La actividad, organizada por el Centro Médico Militar “Santiago Centro” con el apoyo de la Jefatura de Instalaciones de Salud (JIS), constó de una charla por parte de la empresa de equipos médicos BTL y una posterior primera evaluación por parte de los profesionales participantes, en la idea de adquirir el denominado sistema “superinductivo”.

En la jornada participaron kinesiólogos del SISAE de Arica a Punta Arenas, junto al Comandante de la Macro Zona de Salud “Santiago Centro Norte” Suplente, TCL. Cristóbal Butti y el Jefe de la Jefatura de Instalaciones de Salud, CRL. Rolando Ilabaca.

María Ignacia Costela, kinesióloga del Centro Médico Militar “Santiago Centro”, detalló que “se trató de una capacitación de la empresa de equipos médicos BTL respecto de un sistema llamado superinductivo que sirve para la recuperación de patologías, principalmente enfocado en regular a pacientes post COVID tanto en la parte muscular como respiratoria”.

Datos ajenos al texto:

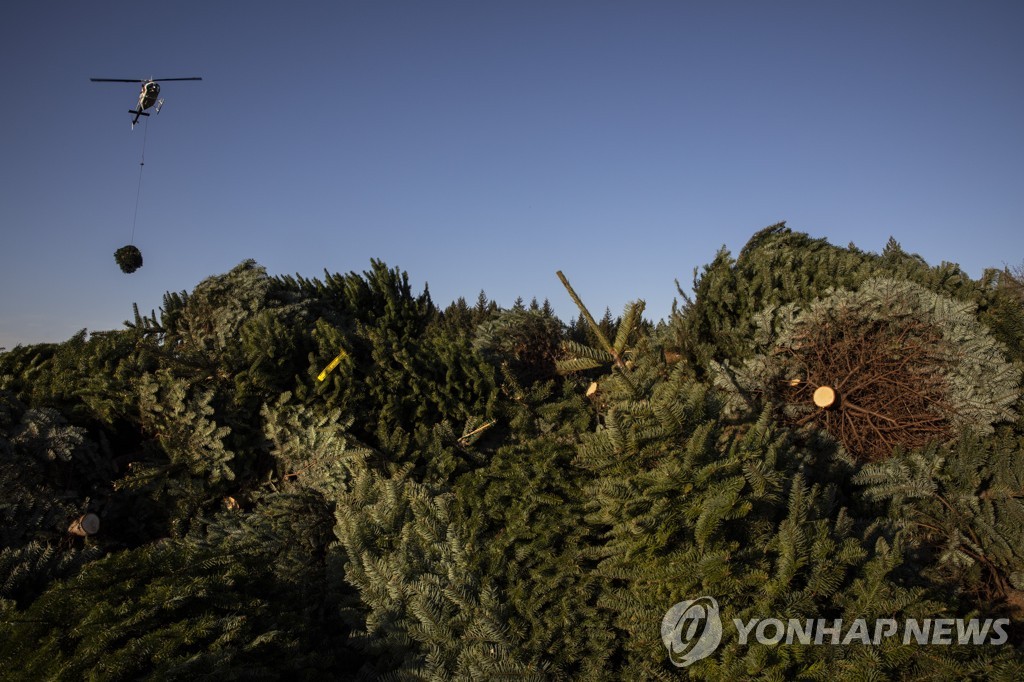 Virus Outbreak Christmas Trees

Dado lo anterior, se hizo la convocatoria a los kinesiólogos que integran las instalaciones de salud del Ejército para poder profundizar de qué trata el sistema superinductivo y cómo funciona.

A grandes rasgos, lo que hace esta tecnología es potenciar de forma más óptima la musculatura, por lo que serviría a futuro también para todo tipo de pacientes, con la prioridad que tenemos ahora de aquellos que tuvieron coronavirus”, explicó Costela.

La idea también fue que los kinesiólogos de las demás instalaciones que tienen pacientes post coronavirus en recuperación, tal como los tenemos acá en este CMM, cuenten su experiencia. Creemos que esta tecnología aceleraría los tiempos de recuperación y el fin es que sea utilizada en todas las instalaciones de nuestra red que lo requieran, en especial las más lejanas y afectadas por el COVID”, cerró la profesional.